BLACK HAWK - J. B. Patterson, editor
Life of Ma-Ka-Tai-Me-She-Kia-Kiak or Black Hawk ... With an Account and General History of the Late War, His Surrender and Confinement at Jefferson Barracks, and Travels through the United States. Dictated by Himself
Boston: Russell, Odiorne & Metcalf, 1834. 12mo. 155pp. Lithographed frontispiece portrait.
Publisher's blue cloth skillfully rebacked preserving original spine and with original printed paper label.
Early edition of Black Hawk's autobiography.
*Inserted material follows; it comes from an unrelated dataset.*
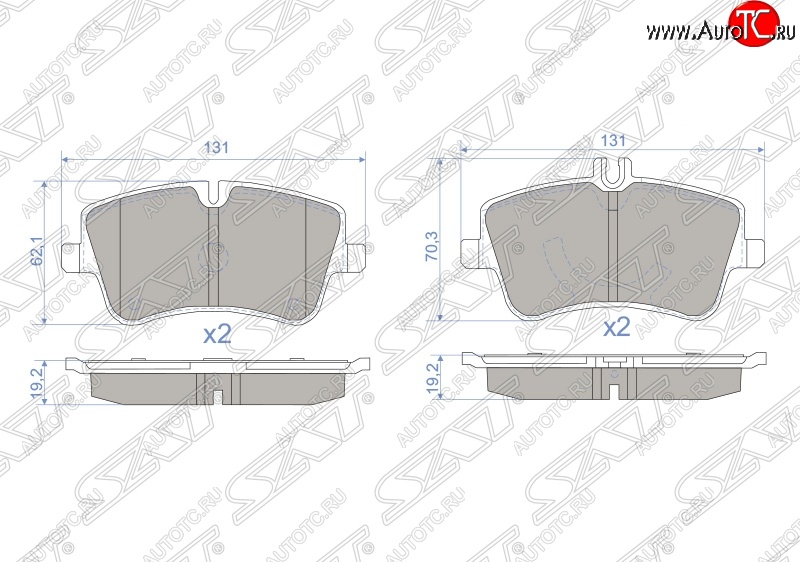 1 149 р. Колодки тормозные SAT (передние)  Mercedes-Benz C-Class  W203 (2000-2008) дорестайлинг седан, рестайлинг седан  с доставкой в г. Тамбов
First published in Cincinnati the year prior, two editions in Boston followed. "One of the very few important American Indian autobiographies" (Graff). Black Hawk (1767-1838) was a band leader and warrior of the Sauk Native American tribe in what is now the Midwest of the United States. Black Hawk was unique in that he earned his status as war chief by his actions, rather than through inheritance. During the War of 1812, Black Hawk fought on the side of the British against the U.S., hoping to push white American settlers away from Sauk territory. Later, he led a band of Sauk and Fox warriors, known as the British Band, against European-American settlers in Illinois and present-day Wisconsin in the 1832 Black Hawk War. Black Hawk died in 1838 in what is now southeastern Iowa. He has been honored by an enduring legacy: his book, many eponyms, and other tributes. This autobiography was dictated by Black Hawk through interpreter Antoine LeClair in 1833.
Howes P120; Graff 313 (first edition); Sabin 5675.